É difícil imaginar que ano após ano a gente precise retomar o debate sobre a validade ou não de ações afirmativas que visem a inclusão de grupos socialmente minorizados e/ou sub-representados no Brasil e em várias partes do mundo.
A última da vez foi envolvendo a rede social de vagas de emprego LinkedIn. A empresa que possui mais de 740 milhões de usuários e está presente em praticamente em todos os países voltou a excluir anúncios de vagas exclusivas e/ou prioritárias a pessoas negras e indígenas no Brasil. As empresas afetadas foram a instituição de pesquisa Laut e a startup de tecnologia QuintoAndar.

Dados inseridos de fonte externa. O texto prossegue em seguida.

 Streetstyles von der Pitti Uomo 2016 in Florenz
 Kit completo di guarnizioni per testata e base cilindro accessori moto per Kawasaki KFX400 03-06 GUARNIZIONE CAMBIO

A nota que explicava a exclusão das vagas foi baseada na política global da empresa que entende que “pessoas com os mesmos talentos devem ter acesso às mesmas oportunidades”, indicando que vagas afirmativas são entendidas como ações discriminatórias e criam uma situação de desigualdade entre talentos.
Apesar da empresa ter voltado atrás em sua abordagem e informado que mudaria sua política para a América Latina, este episódio nos põe em alerta sobre a necessidade de reafirmarmos nossa posição em relação a políticas de inclusão.
Convido você a refletir sobre sobre a inclusão em processos seletivos no Brasil e no mundo como um todo.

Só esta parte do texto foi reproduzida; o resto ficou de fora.